When Katz began the project in 2004, Fischer was, at the time,detained in Japan after authorities discovered his U.S. passport was revoked.
“There were about four years when Bobby was still alive and still communicating to the world at large his anti-Semitism and anti-American remarks,” Katz said. “There was concern about doing a movie about him.”
Fischer died in 2008 in Reykjavík, Iceland, the city where his encounter with Spassky took place.
One of the goals of the filmmakers was to portray Fischer’s mental issues as accurately as possible. Katz consulted with several psychiatrists on what Fischer might have been dealing with.
Maxim Dlugy, a grandmaster and consultant on the film, said without Fischer, professional chess would not exist.
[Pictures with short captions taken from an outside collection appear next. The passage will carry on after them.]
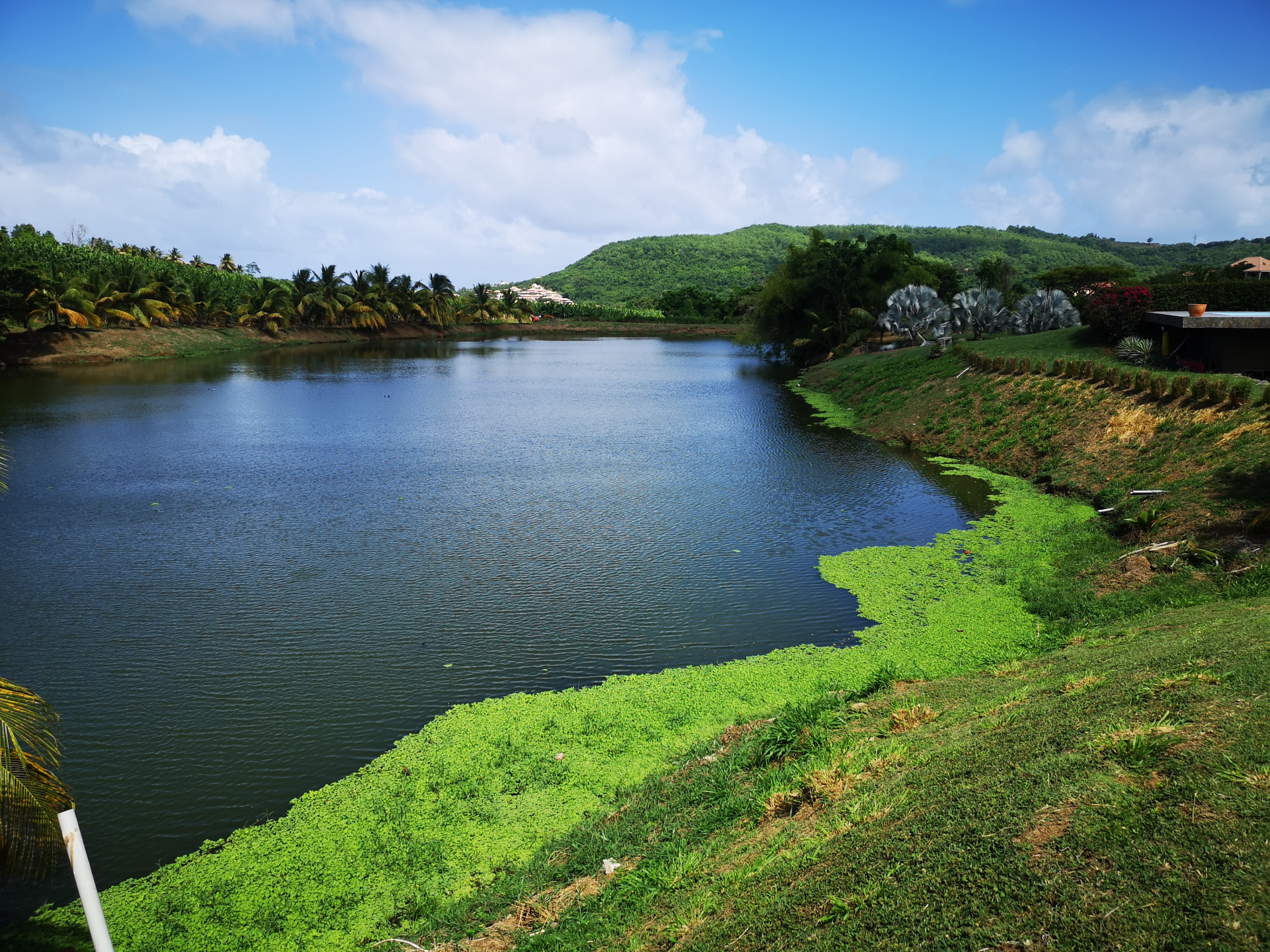 Pistia stratiotes L. - Photo Bivouac Naturaliste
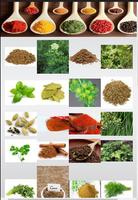 Cooking Herbs and Spices usage स्क्रीनशॉट 1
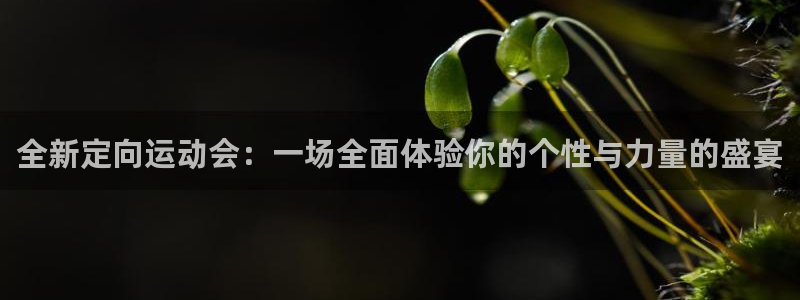 全新定向运动会：一场全面体验你的个性与力量的盛宴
“Fischer was the first chess professional,” Dlugy said. “Chess players are extremely indebted to him because he created professional chess. He not only created it. He demanded it and he played using his rules.”
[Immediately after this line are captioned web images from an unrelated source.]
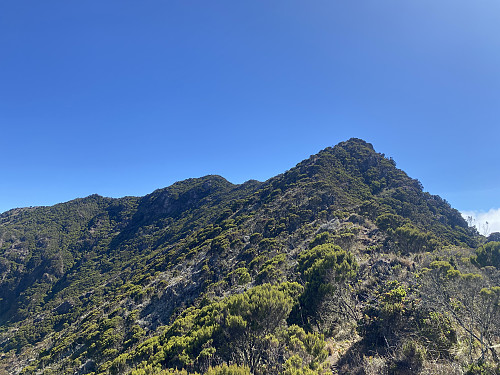 Image #11: We're approaching the summit, i.e. the one located just to the left of the middle of the picture.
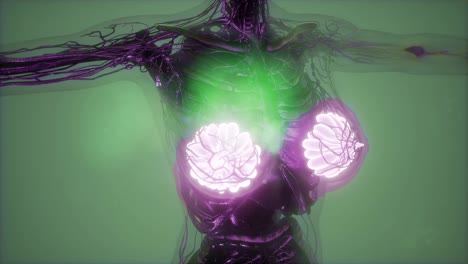 Human-Body-with-Visible-Glow-Mammary-Gland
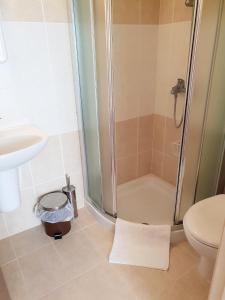 a bathroom with a shower and a toilet and a sink at Ground floor One Bedroom Apartment, Vanessa Complex in Peyia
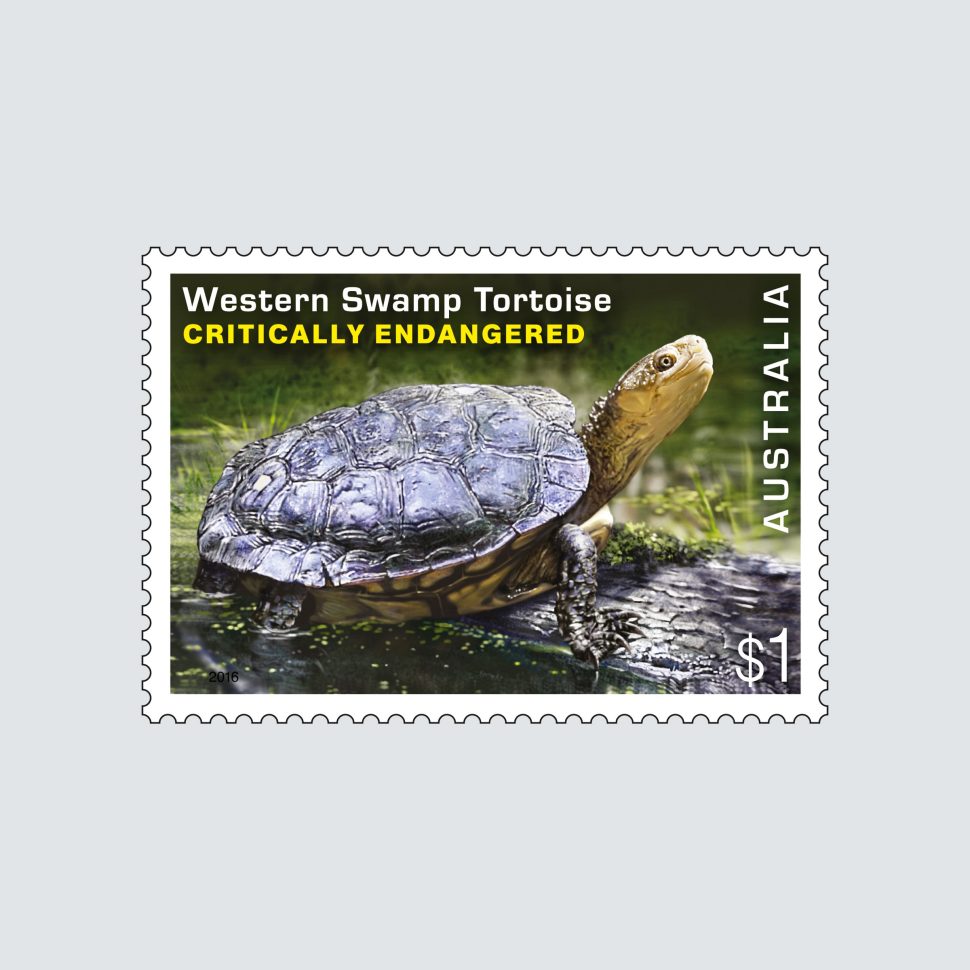 Endangered Wildlife SCM 2016 Western Swamp Tortoise $1 stamp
Dlugy was born in Moscow and knows Spassky well. Dlugy said Spassky had visited Fischer’s grave and wished to be buried next to him when he died. Katz said she had never heard that before.
After working out the story, Katz and the writers met with Maguire, who was on a list of actors she had,about playing Fischer.
“He didn’t have all the physical characteristics, but in certain pictures he looked a lot like Bobby,” Katz said.
Katz said Maguire was not as tall as Fischer, but he did have very long, elegant fingers. She described Fischer’s way of handling chess pieces unique, a quality Maguire could capture.
Maguire had all the qualities Katz wanted, the humor Fischer possessed and the ability to summon the fiery attitude and anger to portray Fischer.
From day one, Katz said she always had Schreiber in mind to play Spassky.
“I thought he was a doppelganger,” Katz said. “There was no question. A little bit of the hair and that was it. He had the perfect look and was an amazing actor.”
Katz said the film will speak to people who aren’t familiar with the game of chess because the film is not about chess.
“It’s a movie about a man who’s got amazing brilliance but amazing odds against him mentally,” Katz said.
“Pawn Sacrifice” will be released in theatres Sept. 18, 2015.